A Flow is a model of active elements called Bricks with one or many data ports connected by links. Data is flowing through the links from one Brick to another while being transformed, stored or used to trigger and/or control activities. A flow is created by connecting prefabricated Bricks with links.
This document describes the flow elements and their relation to each other.
Flow by example
To describe Flows and their elements, examples are very useful. The goal is to create a common understanding of Flows in system integration.
Flows are handling data sets called Flow Packages (FP) and establish data flow by this.
Consider the following example of a flow: In the graphical industry using data flows is a common practice. FPs are usually passed as files between applications. Files are passed from one folder to another accompanied by additional data sets that hold the meta data to the original file or FP. These are commonly called: "job tickets", are moved from one system to another and enriched with additional data from each stage it is passing through. Data sets are copied to different places in the system and pass multiple different software tools to be prepared for production. Besides relatively big production files (usually about 5 to 20 MB), other files like tracking files are generated and passed within the network. Tracking files are slow and usually contain only a few records with some identification of a job and the action performed on it.

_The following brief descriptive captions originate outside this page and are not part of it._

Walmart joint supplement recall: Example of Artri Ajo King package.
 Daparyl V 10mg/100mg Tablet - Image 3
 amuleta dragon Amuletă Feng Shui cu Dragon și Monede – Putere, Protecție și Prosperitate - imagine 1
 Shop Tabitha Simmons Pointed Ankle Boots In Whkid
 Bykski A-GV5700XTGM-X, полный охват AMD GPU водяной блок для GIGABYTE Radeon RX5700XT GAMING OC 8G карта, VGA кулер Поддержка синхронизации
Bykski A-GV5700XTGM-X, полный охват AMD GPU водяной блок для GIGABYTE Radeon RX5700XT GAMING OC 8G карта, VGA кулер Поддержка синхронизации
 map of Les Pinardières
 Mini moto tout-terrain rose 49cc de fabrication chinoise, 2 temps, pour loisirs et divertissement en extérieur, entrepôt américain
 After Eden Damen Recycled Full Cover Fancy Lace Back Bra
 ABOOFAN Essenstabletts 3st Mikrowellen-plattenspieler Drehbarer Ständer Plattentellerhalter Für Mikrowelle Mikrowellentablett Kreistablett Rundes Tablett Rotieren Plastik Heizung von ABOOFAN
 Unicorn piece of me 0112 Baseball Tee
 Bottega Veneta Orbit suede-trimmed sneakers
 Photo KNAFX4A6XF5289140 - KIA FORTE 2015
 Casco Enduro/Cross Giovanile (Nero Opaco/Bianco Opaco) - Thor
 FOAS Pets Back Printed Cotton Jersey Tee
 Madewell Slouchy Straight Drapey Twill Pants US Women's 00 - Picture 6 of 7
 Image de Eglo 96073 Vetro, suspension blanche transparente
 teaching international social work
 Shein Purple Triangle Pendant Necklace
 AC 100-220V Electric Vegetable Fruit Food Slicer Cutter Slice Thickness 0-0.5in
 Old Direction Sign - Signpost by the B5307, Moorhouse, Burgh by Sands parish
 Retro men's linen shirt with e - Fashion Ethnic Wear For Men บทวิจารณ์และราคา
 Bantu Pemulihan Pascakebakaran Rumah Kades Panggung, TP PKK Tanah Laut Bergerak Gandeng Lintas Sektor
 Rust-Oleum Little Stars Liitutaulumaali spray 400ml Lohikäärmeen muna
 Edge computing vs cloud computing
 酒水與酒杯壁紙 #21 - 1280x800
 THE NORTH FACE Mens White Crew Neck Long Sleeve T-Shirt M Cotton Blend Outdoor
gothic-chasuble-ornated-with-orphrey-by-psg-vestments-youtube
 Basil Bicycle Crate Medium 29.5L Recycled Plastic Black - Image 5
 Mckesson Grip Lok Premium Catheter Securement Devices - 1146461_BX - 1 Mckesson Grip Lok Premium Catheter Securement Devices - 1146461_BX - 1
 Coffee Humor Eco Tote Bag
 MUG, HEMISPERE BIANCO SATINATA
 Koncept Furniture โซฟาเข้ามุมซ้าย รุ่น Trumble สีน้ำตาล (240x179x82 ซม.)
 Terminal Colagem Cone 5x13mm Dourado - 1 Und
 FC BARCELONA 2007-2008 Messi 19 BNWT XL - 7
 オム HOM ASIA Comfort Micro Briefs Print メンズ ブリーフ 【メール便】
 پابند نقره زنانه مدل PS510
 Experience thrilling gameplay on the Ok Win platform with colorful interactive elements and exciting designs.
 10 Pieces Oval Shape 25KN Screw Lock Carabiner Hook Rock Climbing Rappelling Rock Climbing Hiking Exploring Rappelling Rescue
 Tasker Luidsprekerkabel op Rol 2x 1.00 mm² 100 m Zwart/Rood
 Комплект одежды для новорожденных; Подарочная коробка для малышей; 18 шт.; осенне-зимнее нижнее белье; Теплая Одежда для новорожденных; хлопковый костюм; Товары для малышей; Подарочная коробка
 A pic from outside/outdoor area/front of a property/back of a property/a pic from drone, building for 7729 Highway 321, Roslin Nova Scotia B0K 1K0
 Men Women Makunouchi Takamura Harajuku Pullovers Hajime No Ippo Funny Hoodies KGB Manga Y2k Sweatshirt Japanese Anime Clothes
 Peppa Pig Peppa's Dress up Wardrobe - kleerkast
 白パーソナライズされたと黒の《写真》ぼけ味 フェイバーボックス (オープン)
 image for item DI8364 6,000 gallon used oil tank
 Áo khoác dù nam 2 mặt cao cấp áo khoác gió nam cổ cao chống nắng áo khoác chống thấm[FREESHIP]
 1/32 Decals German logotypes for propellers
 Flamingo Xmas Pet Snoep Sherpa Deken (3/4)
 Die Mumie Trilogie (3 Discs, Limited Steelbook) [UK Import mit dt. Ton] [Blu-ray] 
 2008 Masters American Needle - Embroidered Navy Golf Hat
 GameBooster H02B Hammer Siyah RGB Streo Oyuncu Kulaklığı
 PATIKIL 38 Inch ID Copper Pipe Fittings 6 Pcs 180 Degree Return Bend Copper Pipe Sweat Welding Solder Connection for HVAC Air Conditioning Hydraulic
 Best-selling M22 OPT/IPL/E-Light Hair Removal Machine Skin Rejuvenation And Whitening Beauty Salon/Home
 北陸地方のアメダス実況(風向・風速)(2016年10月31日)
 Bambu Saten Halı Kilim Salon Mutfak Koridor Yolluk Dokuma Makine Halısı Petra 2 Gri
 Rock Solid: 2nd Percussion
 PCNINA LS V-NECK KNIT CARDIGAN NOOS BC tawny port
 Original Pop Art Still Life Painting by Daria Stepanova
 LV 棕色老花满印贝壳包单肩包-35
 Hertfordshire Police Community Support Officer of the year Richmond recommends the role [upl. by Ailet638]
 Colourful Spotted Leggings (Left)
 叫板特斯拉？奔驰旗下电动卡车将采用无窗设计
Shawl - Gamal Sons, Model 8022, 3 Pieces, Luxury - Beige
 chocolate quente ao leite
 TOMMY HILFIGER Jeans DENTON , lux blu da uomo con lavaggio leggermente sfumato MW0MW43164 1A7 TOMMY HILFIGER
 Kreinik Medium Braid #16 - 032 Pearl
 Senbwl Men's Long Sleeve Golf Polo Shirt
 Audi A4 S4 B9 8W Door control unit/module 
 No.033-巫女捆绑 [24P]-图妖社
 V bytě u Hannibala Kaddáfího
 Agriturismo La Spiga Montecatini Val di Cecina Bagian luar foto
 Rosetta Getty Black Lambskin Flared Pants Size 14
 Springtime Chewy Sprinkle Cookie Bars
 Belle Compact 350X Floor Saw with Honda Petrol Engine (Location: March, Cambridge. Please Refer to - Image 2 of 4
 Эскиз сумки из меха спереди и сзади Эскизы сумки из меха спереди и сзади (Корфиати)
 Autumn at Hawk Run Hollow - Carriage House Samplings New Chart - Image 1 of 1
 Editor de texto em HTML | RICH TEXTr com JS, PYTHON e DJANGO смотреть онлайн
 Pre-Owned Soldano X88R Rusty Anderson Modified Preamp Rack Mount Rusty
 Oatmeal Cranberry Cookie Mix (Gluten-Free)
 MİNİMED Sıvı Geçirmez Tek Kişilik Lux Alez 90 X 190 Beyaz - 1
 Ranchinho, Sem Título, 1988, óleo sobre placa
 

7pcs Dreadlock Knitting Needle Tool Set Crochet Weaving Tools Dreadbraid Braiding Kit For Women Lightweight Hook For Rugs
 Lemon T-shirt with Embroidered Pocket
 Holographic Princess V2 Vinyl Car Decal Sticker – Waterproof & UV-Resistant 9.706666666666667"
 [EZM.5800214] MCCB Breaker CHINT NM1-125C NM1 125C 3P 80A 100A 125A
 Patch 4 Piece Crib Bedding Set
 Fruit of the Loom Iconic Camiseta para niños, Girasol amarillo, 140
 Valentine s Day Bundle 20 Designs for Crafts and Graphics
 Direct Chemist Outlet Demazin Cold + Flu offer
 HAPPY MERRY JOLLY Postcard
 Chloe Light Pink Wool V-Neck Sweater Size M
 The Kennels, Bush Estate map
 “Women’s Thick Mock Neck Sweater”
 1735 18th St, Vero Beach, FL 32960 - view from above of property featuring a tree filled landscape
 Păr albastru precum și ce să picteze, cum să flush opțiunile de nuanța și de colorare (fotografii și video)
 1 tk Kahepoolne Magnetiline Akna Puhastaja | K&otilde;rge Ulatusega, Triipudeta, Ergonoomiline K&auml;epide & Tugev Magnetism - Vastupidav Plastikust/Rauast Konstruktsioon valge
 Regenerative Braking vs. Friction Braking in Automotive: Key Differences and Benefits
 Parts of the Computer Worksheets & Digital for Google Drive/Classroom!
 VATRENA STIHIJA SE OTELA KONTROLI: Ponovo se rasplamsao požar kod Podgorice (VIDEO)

The third type of file I want ot mention here is a plan. Plans are moved between systems as well and consumed by on or more different stations. Plans are used to synchronize different systems that work on the same set of planning data without the need to create the data twice.
This can be easily verified. The graphical industry created some standards like JDF or Prime to build more reliable systems and simplify the exchange of meaningful meta data and plans. They where partially successful with this approach. The standards are complex and leave room for interpretation. The result is a variety of different dialects of a single standard.
The flexibility of integrated systems using data flow benefits from loose coupling of interfaces. Systems based on data flow can be easily extended and scaled even beyond the borders of enterprises. But there are significant tradeoffs with moving files in complex systems:
- It is slow
Moving big files takes some time. Picking files up in a folder by a process takes some time no matter if the file is big or not. Usually a mechanism called File Stable Time is used to make sure that the file is ready.
- File system access rights are difficult to manage
In big companies IT departments manage the access rights in a Domain. Conflicting interests like security guidelines can create friction between IT and production departments. It can be observed that friction between departments responsible for the same system can result in less reliable systems.
- The passing of data between different stations is a blind spot
A data set is written into a folder and hopefully picked up by another station. If this does not happen for any reason and even if IT departments monitor these folders it may take some time until the malfunction is obvious and can be solved. In many cases there is no feedback to the sending system.
- No system internal data standard
A data set entering a flow is probably processed correctly by the first station, but still may cause trouble later in the flow. Even if existing standards define the syntax of a specific data format, the semantic depends on each each station. In many cases not even the file names are standardized.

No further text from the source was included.